-
-
Notifications
You must be signed in to change notification settings - Fork 0
Token Estimation
M31 Autonomous (M31A) estimates token counts for context window management, budget tracking, and context warnings. The estimator supports tiktoken-based counting for OpenAI models and a calibrated fallback for other models.
Source: internal/tokens/estimator.go
type Estimator struct {
modelID string
tokenizer *tiktoken.Tiktoken // nil for unsupported models
emaAlpha float64 // EMA calibration rate (default 0.3)
emaFactorBits atomic.Uint64 // calibration factor as float64 bits
}| Method | Strategy |
|---|---|
| tiktoken available |
len(tokenizer.Encode(text)) — exact token count |
| tiktoken unavailable |
utf8.RuneCountInString(text) / 4 * 1.3 — rune-based estimate |
| Both | Multiply by emaFactor calibration factor |
The rune-based fallback uses utf8.RuneCountInString() which is O(N) time but O(1) space, avoiding the O(N) allocation of len([]rune(text)).
The estimator self-calibrates against actual token counts returned by the API:
func (e *Estimator) Calibrate(estimated, actual int) {
ratio := float64(actual) / float64(estimated)
newFactor = emaAlpha * ratio + (1 - emaAlpha) * previousFactor
// clamped to [0.1, 10.0]
}-
emaAlphadefaults to 0.3 (EMACorrectionAlpha) - Factor is stored as
uint64bits for lock-free atomic access - Uses
CompareAndSwapfor concurrent safety
EstimateMessages() accounts for the full cost of a conversation:
| Component | Overhead |
|---|---|
| Per message | +4 tokens (role/separator metadata) |
| Message content | Estimated via Estimate()
|
| Tool call input JSON | Estimated via Estimate()
|
| Tool call name | Estimated via Estimate()
|
This prevents underestimation on tool-heavy conversations (BUG-29 fix).
When estimated usage exceeds 80% of the model's context window:
⚠ Context at 85% — 19,200 tokens remaining — consider using /compress
The warning is styled with a yellow background via Lipgloss.

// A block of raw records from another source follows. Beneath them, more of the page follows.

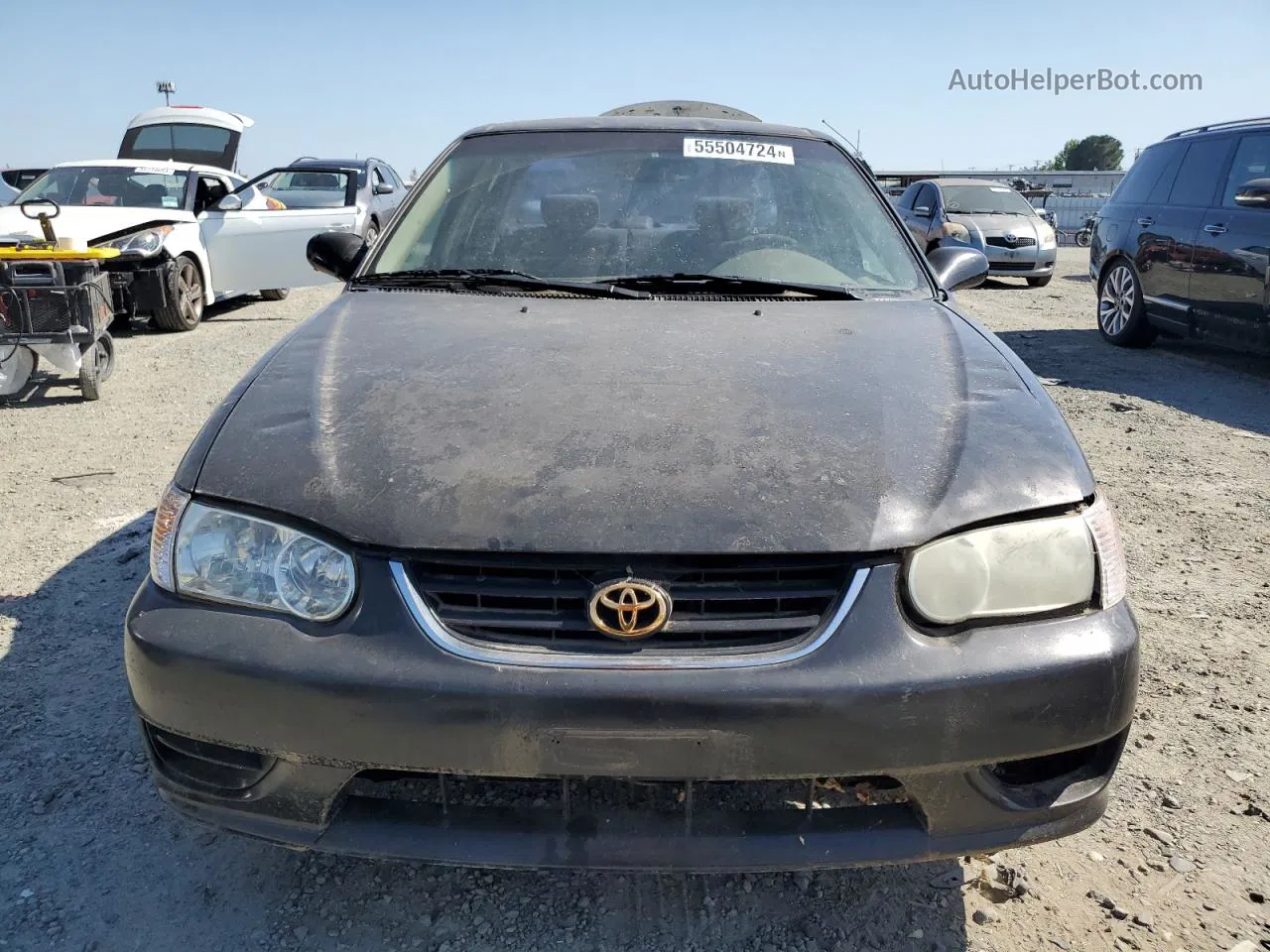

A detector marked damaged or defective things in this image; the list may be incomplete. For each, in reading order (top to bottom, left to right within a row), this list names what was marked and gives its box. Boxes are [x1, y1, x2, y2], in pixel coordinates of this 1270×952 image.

cracked headlight [98, 226, 174, 256]
damaged white car [0, 160, 359, 331]
cracked headlight [151, 488, 355, 623]
cracked headlight [909, 498, 1127, 627]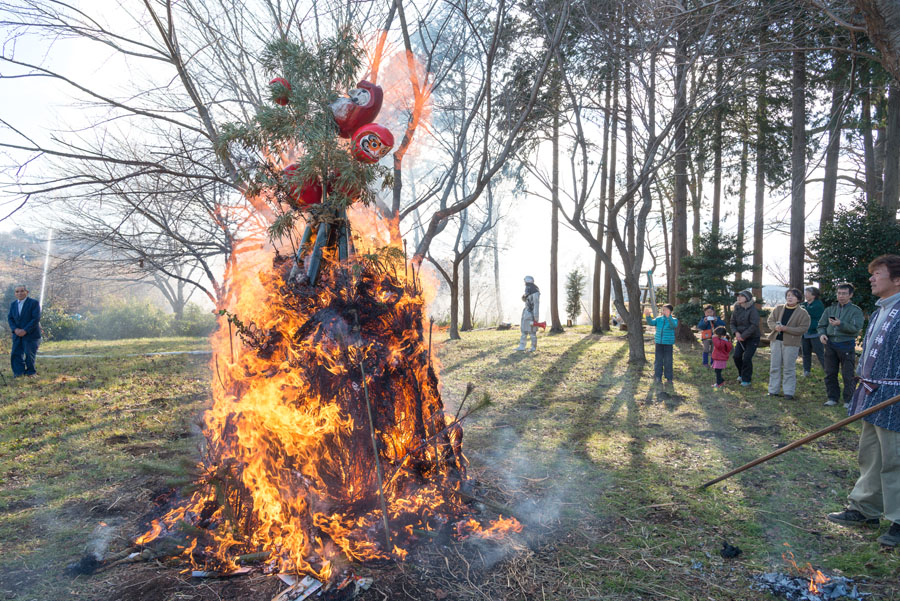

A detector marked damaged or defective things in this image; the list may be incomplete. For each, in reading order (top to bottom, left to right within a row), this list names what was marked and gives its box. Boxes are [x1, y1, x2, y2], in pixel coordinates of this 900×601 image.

pile of burnt debris [752, 568, 872, 596]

Before each LLM request, the workflow engine runs preflightContextCheck():
if float64(estimated) > 0.95 * float64(contextLength) {
return ErrContextExceeded // hard reject
}
if float64(estimated) > 0.80 * float64(contextLength) {
slog.Warn("context usage approaching limit") // soft warning
}[model]
context_warning_threshold = 0.8 # Warning threshold (0.0-1.0)
default_context_length = 128000 # Fallback when provider doesn't return one
token_ema_alpha = 0.3 # EMA calibration rateM31A uses tiktoken-go for OpenAI-compatible tokenization. Note: tiktoken-go is unmaintained since 2024; newer tokenizers (e.g., o200k_base for GPT-4o) may not be recognized, causing silent fallback to rune counting.